This operator is useful in optimizing performance of inference workloads, for example Stable Diffusion which uses flavor=1.

Some layers can be sensitive to Softmax accuracy and its numerical stability so applying the fastest option (2) for all the layers may harm model output. Therefore, collecting statistics for each layer (min and max of maximums along the last dimensions) can help to find layers suitable for applying this optimization: if min and max are far away from 0 then subtracting the maximum will be required for numerical stability. Also, using CustomSoftmax only in selected layers may help with optimizing the model if some layers are very sensitive to Softmax accuracy.

The below shows a usage example:

import habana_frameworks.torch.hpex.kernels as hpu_kernels

attn_weights = attn_weights * self.inv_scale_attn
attn_weights = attn_weights + attention_mask
attn_weights = hpu_kernels.CustomSoftmax.apply(attn_weights, 2) # flavor=2

hpex/kernels/FBGEMM

FBGEMM (Facebook GEneral Matrix Multiplication Kernels Library) is a collection of high-performance operator libraries designed for training and inference. The habana_frameworks.torch.hpex.kernels.fbgemm package provides the following APIs:

  • bounds_check_indices - Checks and corrects any invalid values of the provided indices and offsets.

  • expand_into_jagged_permute - Expands the permute index for sparse data from the table dimension to the batch dimension in cases where the sparse features have different batch sizes across ranks.

  • permute_1D_sparse_data - Shuffles lengths, indices and weights tensors according to the values in permute tensor.

  • permute_2D_sparse_data - Shuffles lengths, indices and weights tensors according to the values in permute tensor.

  • split_embedding_codegen_lookup_function - A simple lookup table that stores embeddings for a fixed dictionary of a specific size..

  • split_permute_cat - Replaces the combination of split_with_sizes, permute, and cat operations.

The below shows a usage example:

import torch
from test_utils import hpu
from habana_frameworks.torch.hpex.kernels.fbgemm import split_permute_cat

B = 3; F = 3; D = 8
input = torch.randn(B, F * D, dtype=torch.float32)
indices = torch.randperm(F)

output = split_permute_cat(input.to(hpu), indices.to(hpu), B, F, D)
print(output.cpu())

hpex/kernels/FusedSDPA

FusedSDPA is a fused implementation of torch.nn.functional.scaled_dot_product_attention() for Gaudi. It maintains the same functionality and interface as the original function but with reduced memory usage.
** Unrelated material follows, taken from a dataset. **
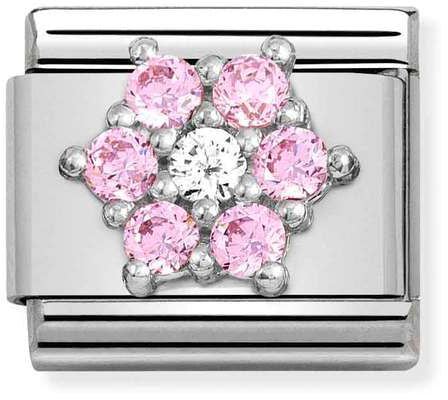 Nomination Classic Silver Cubic Zirconia Symbols Pink With White Flower Charm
FusedSDPA implements selected Flash Attention optimization approaches applicable to HPU.

There are two operation modes: Recompute mode (default) and No-recompute mode. For further details, see Using Fused Scaled Dot Product Attention (FusedSDPA).

To select or query operation modes, use the following APIs:

  • habana_frameworks.torch.hpu.sdp_kernel(enable_recompute = True) - Context manager based control to temporarily/locally (i.e, within the current context) enable recompute mode.

  • habana_frameworks.torch.hpu.sdp_kernel(enable_recompute = False) - Context manager based control to temporarily/locally (i.e, within the current context) disable recompute mode.

For example, to run FusedSDPA without recompute in the current context:

with habana_frameworks.torch.hpu.sdp_kernel(enable_recompute = False):
   FusedSDPA.apply(....)
  • habana_frameworks.torch.hpu.enable_recompute_sdp(True) - Globally enable recompute.

  • habana_frameworks.torch.hpu.enable_recompute_sdp(False) - Globally disable recompute.

The recompute state set by this API remains effective until this API is used again to change the state.

  • habana_frameworks.torch.hpu.recompute_sdp_enabled() - Query if recompute mode is enabled or not. is_recompute_enabled returns a value of True/False.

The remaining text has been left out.